WHY I WROTE POETRY

Even when I was as young as my twenties (and I'm over fifty now), I felt driven to write about my life. I'd already had experiences that some people will never match for emotional magnitude, at any age in their life. So I began to write a roman à clef. This petered out after a year or more of very regular attempts, subsequent revisions, and revisions of revisions. I suppose I realised that a person's first writing attempts, especially after a life leaning towards mathematics and sciences, should probably be much less ambitious than a novel of sorts, or an autobiography in effect. Then by 2000, I began to try writing poetry. I quickly enrolled on Manchester's Writers Bureau poetry course. This was a distance learning arrangement with no definite end, and it was enabled by the excellent tutor/poet, Alison Chisholm. I was very slow to get going; in fact ten years passed, with some large inner gaps, but ultimately I became highly prolific, and regularly published both nationally and internationally (on websites and in print anthologies.) Importantly though, many of my several hundred poems told the story that the roman à clef had tried to do, albeit in a fragmented or piecemeal manner of course. However, the story was separate from what I actually wanted to share to the world. Thus from around 2015 onward, my poems stopped being free or free verse in form and exhibiting a descriptive narrative message, and instead they became frankly psychological, at the same time "telling" rather than "showing", and with rigid structures. The number seven with its hints towards the notion of completion, was usually present in a direct or indirect way. But this was not a completion, and during the 2020 Coronavirus lockdown in the UK, I summarised all my thoughts and previous writing, in fact from back to the late nineties roman à clef, through my more descriptive poems, to the final psychological and mostly syllabic and very direct poems. I distilled two decades of writing into a nonfiction of just 42 pages long. It's a nonacademic, totally bare and very frank book. Later the same year I gave that work, called "I am" (subtitled "Conforming by nonconformity"), a powerful personal context. I prefixed to it a very brief, gigantically reduced autobiography, punctuated by poems from my preexisting ones in my "Complete verse." This ultimate work is still only 108 pages long, and is called "Embrace your aloneness."

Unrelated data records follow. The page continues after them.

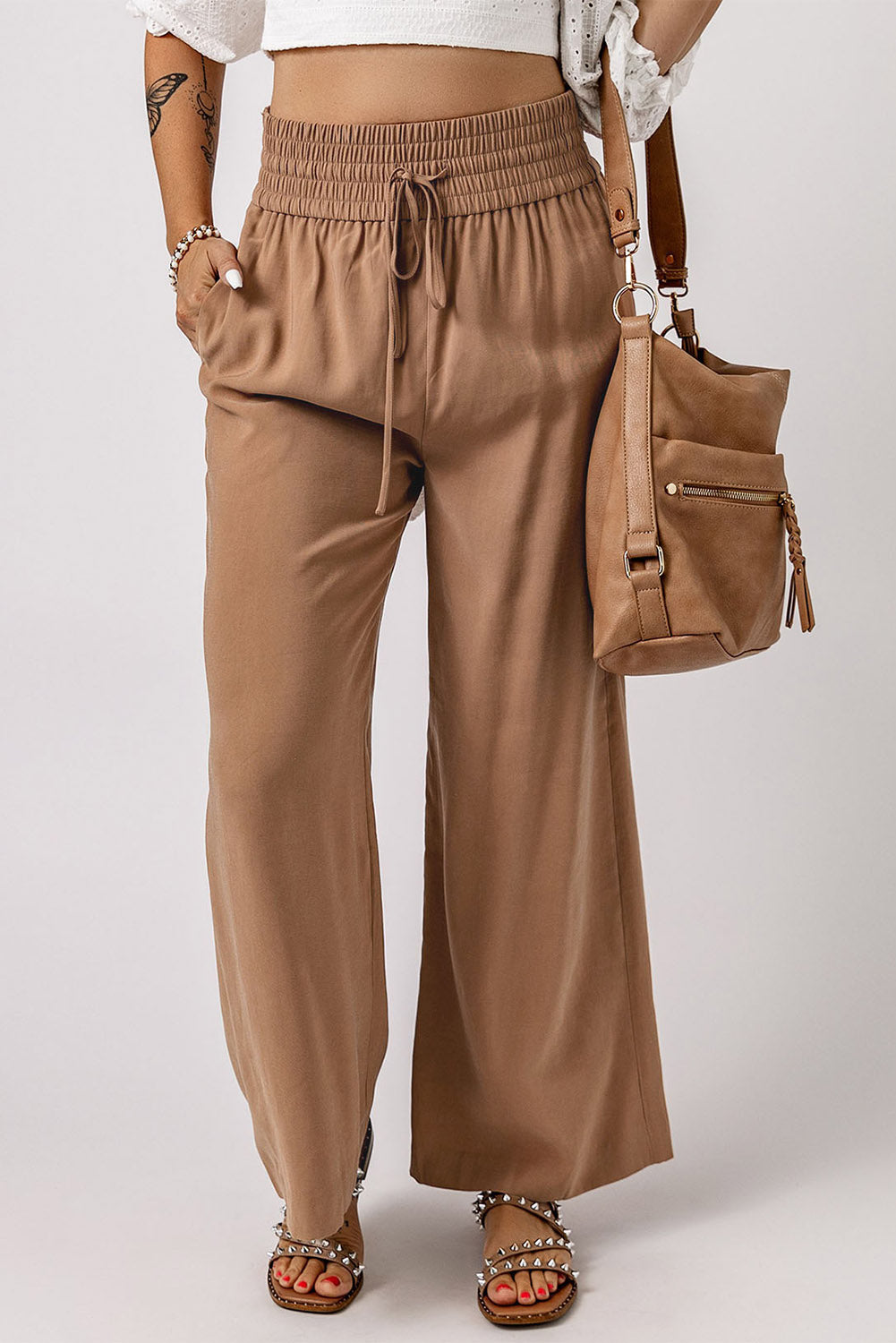 Drawstring Smocked Waist Wide Leg Plus Size Pants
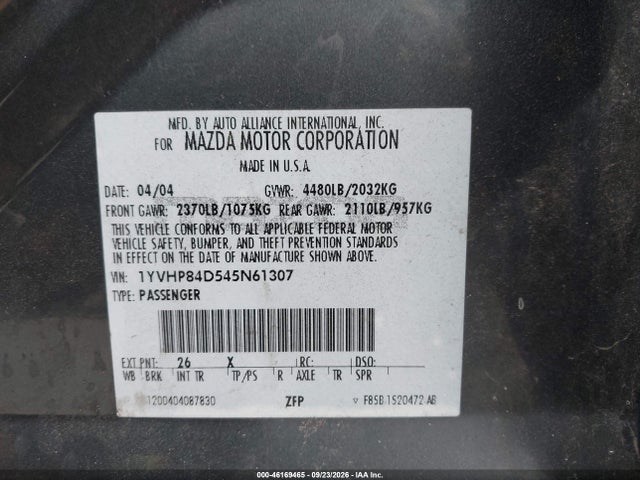 Продажа на аукционе авто 2004 Mazda Mazda6 S, vin: 1YVHP84D545N61307, номер лота: 46169465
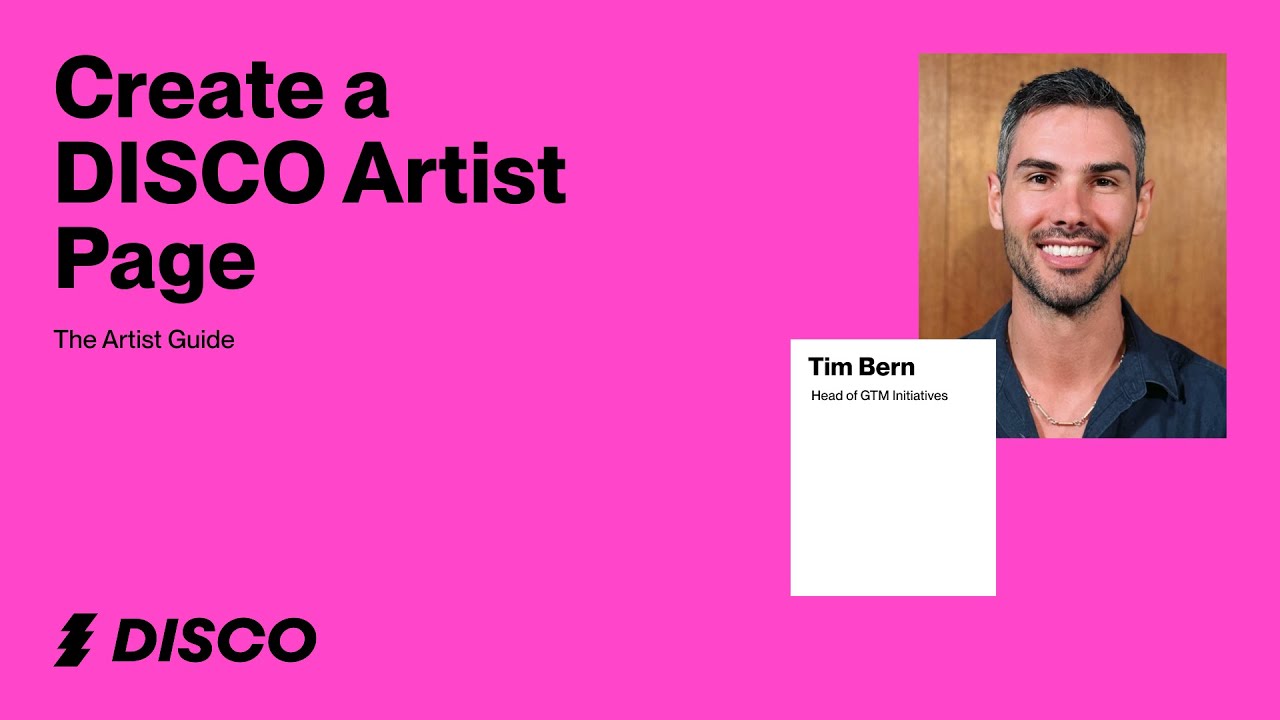 Create a DISCO Artist Page to deliver your work in style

Therefore, why I wrote poetry follows logically

It is because I knew I had something good and profitable to say to others, but I needed a couple of decades to crystalise it into its essence. During that time, poetry helped me to think out loud, make notes en route, and even share elements to people in open-mics (see for example the VIDEO page), on social media, and elsewhere. “The work is currently done, though I hope in time I'll both learn and share much more about life (of course.) Maybe I'll get to learn a totally new form of communication, beyond succinct words, perhaps with the greatest propensity for clarity, diversity in its reception, and maximum size of that reception. I don't think I’m describing music. I don't think it implies a god. It definitely requires discovery, and open-mindedness helps to facilitate that.